Sicherheit und Wechselwirkungen

Die am besten belegte nicht schwerwiegende Nebenwirkung eines langfristigen Beta-Carotin-Überschusses ist die Karotinodermie, eine gelb-orange Verfärbung der Haut, die im Allgemeinen reversibel ist. Lebensmittelquellen gelten als sicher, und es ist nicht bekannt, dass Beta-Carotin das teratogene Risiko teilt, das mit übermäßig viel vorgeformtem Vitamin A verbunden ist. Dieses relativ gutartige Profil gilt jedoch nicht gleichermaßen für alle Bevölkerungsgruppen: Bei aktuellen Rauchern, ehemaligen Rauchern und Menschen mit Asbestexposition zeigen randomisierte Studien und spätere Übersichtsarbeiten ein erhöhtes Lungenkrebsrisiko, und einige Analysen zeigen auch eine erhöhte Sterblichkeit. NIH ODS — Vitamin A and Carotenoids Fact Sheet; PubMed — ATBC trial; PubMed — CARET trial; PubMed — 2022 mortality meta-analysis.

Orlistat kann die Aufnahme fettlöslicher Verbindungen einschließlich Carotinoiden verringern, sodass Beta-Carotin aus Präparaten möglicherweise weniger effektiv aufgenommen wird. Wer orale Retinoide oder mehrere Produkte mit Vitamin A einnimmt, sollte die Etiketten sorgfältig prüfen, weil die kombinierte Exposition zu hoch werden kann, besonders wenn Beta-Carotin mit Retinylestern kombiniert wird. Die Mayo Clinic nennt außerdem die gelb-orange Hautverfärbung als häufigste sichtbare Nebenwirkung und weist auf seltenere Effekte wie Durchfall, Schwindel, Gelenkschmerzen sowie ungewöhnliche Blutungen oder blaue Flecken hin. Ältere Erwachsene mit jeder Form von Raucheranamnese sollten AREDS2 statt älterer AREDS-Produkte mit Beta-Carotin wählen. NIH ODS — Vitamin A and Carotenoids Fact Sheet; Mayo Clinic — Beta-carotene oral route; National Eye Institute — AREDS/AREDS2 FAQ.

Fazit

Beta-Carotin ist ein echter Nährstoff mit einer echten biochemischen Funktion, aber das macht es noch nicht zu einem guten Präparat für die routinemäßige Anwendung. Die stärkste Evidenz stützt seine Rolle als Provitamin-A-Carotinoid und bestätigt, dass Formen aus Lebensmitteln und Nahrungsergänzungsmitteln sich im Körper unterschiedlich verhalten. Darüber hinaus ist die klinische Evidenz für gängige Behauptungen zu Nahrungsergänzungsmitteln meist enttäuschend oder negativ.

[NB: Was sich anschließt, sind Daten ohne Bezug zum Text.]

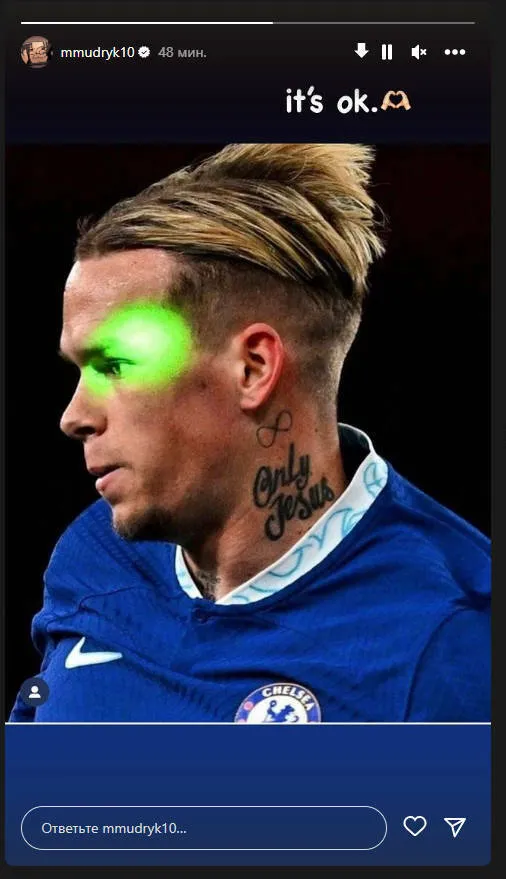 Фанаты Арсенала засвечивали лазером лицо Мудрика Фанаты Арсенала засвечивали лазером лицо Мудрика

Bei im Allgemeinen gut ernährten Erwachsenen beugen Beta-Carotin-Präparate Krebs, Herz-Kreislauf-Erkrankungen, dem Auftreten von AMD, Katarakt oder der Sterblichkeit nicht überzeugend vor. Die wichtigste Ausnahme in der Literatur war die ursprüngliche AREDS-Formel bei intermediärer AMD, doch diese historische Anwendung wurde weitgehend durch AREDS2 ohne Beta-Carotin ersetzt, weil sich ein ähnlicher oder besserer Nutzen mit geringerem Lungenkrebsrisiko erreichen lässt. Für die meisten Erwachsenen bedeutet das praktisch: carotinoidreiche Lebensmittel priorisieren und Präparate klar definierten ernährungsbezogenen oder klinischen Gründen vorbehalten, statt sie routinemäßig zur Vorbeugung einzusetzen.